The dependent variable Wage is continuous. In professional sports, wages are usually highly unequal: most players earn moderate wages, while a small number of elite players earn extremely high wages.

salary_clean %>%
  summarise(
    Mean = mean(Wage),
    Median = median(Wage),
    SD = sd(Wage),
    Q1 = quantile(Wage, 0.25),
    Q3 = quantile(Wage, 0.75),
    Min = min(Wage),
    Max = max(Wage)
  ) %>%
  kable(digits = 2, caption = "Summary Statistics for Wage")

Summary Statistics for Wage
Mean	Median	SD	Q1	Q3	Min	Max
1390327	416000	2605882	78000	1569500	1400	46427000

ggplot(salary_clean, aes(x = Wage)) +
  geom_histogram(bins = 30) +
  labs(
    title = "Distribution of Football Player Wages",
    x = "Wage",
    y = "Count"
  ) +
  theme_minimal()

The wage distribution is strongly right-skewed. Most players earn relatively low or moderate wages, while a small group of elite players earn very high wages. This is consistent with the superstar effect in sports labor markets, where top players receive very large salary premiums.
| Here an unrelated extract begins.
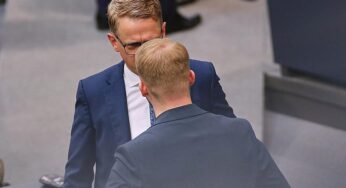 Linnemann und Klüssendorf wollen von Kommissionen mutige Vorschläge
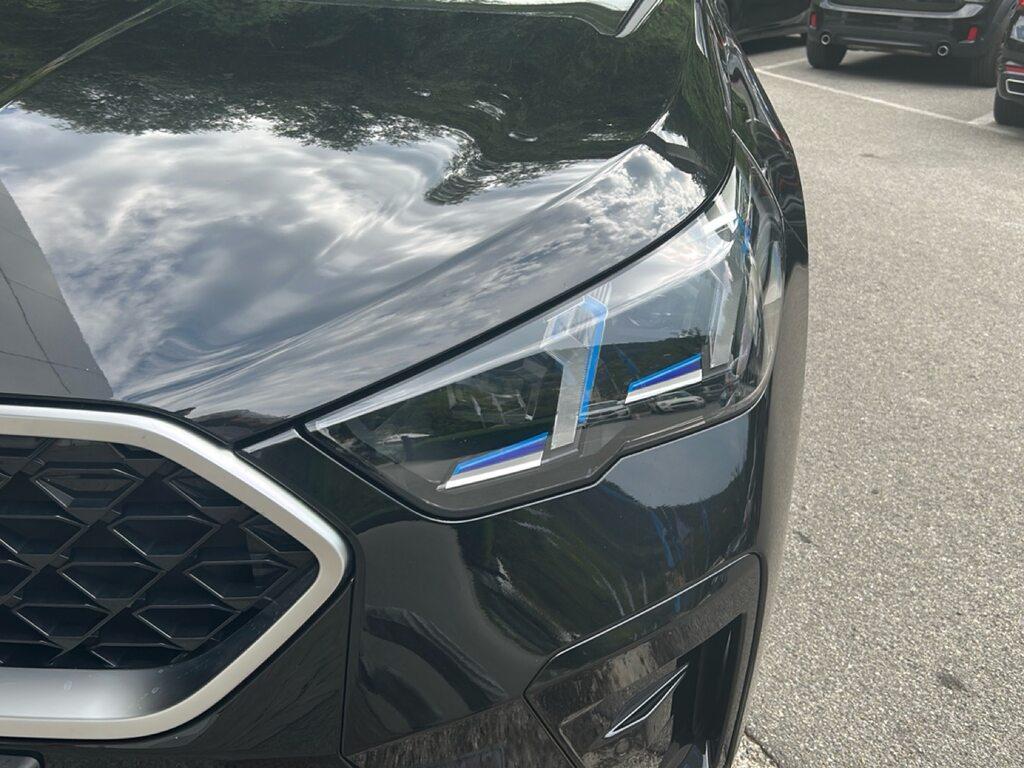 BMW X2 xdrive 20d 48V MSport auto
Because of this skewness, a logarithmic transformation was applied to wages.

ggplot(salary_clean, aes(x = log_wage)) +
  geom_histogram(bins = 30) +
  labs(
    title = "Distribution of Log Wages",
    x = "Log Wage",
    y = "Count"
  ) +
  theme_minimal()

After the log transformation, the distribution becomes more symmetric. This suggests that the original wage variable is approximately log-normal. The log wage variable is also more appropriate for linear regression because it reduces the influence of extreme salary values.

salary_clean %>%
  group_by(Position) %>%
  summarise(
    observations = n(),
    average_wage = mean(Wage),
    median_wage = median(Wage),
    average_log_wage = mean(log_wage),
    .groups = "drop"
  ) %>%
  arrange(desc(average_wage)) %>%
  kable(digits = 2, caption = "Average Wage by Position")

Average Wage by Position
Position	observations	average_wage	median_wage	average_log_wage
Midfilder	1140	1630598	559500	13.01
Forward	821	1352223	287000	12.56
Defender	1452	1332659	463000	12.85
Goalkeeper	429	1019950	231000	12.44

This table provides an initial probability-style comparison across player positions. Differences in average wages across positions suggest that role in the labor market may be related to compensation.

4 Modeling

The data were split into training and test sets using an 80/20 split. A seed was set for reproducibility.

salary_split <- initial_split(salary_clean, prop = 0.80)
salary_train <- training(salary_split)
salary_test <- testing(salary_split)

split_sizes <- tibble(
  Dataset = c("Training Set", "Test Set"),
  Sample_Size = c(nrow(salary_train), nrow(salary_test))
)

split_sizes %>%
  kable(caption = "Train/Test Split Sample Sizes")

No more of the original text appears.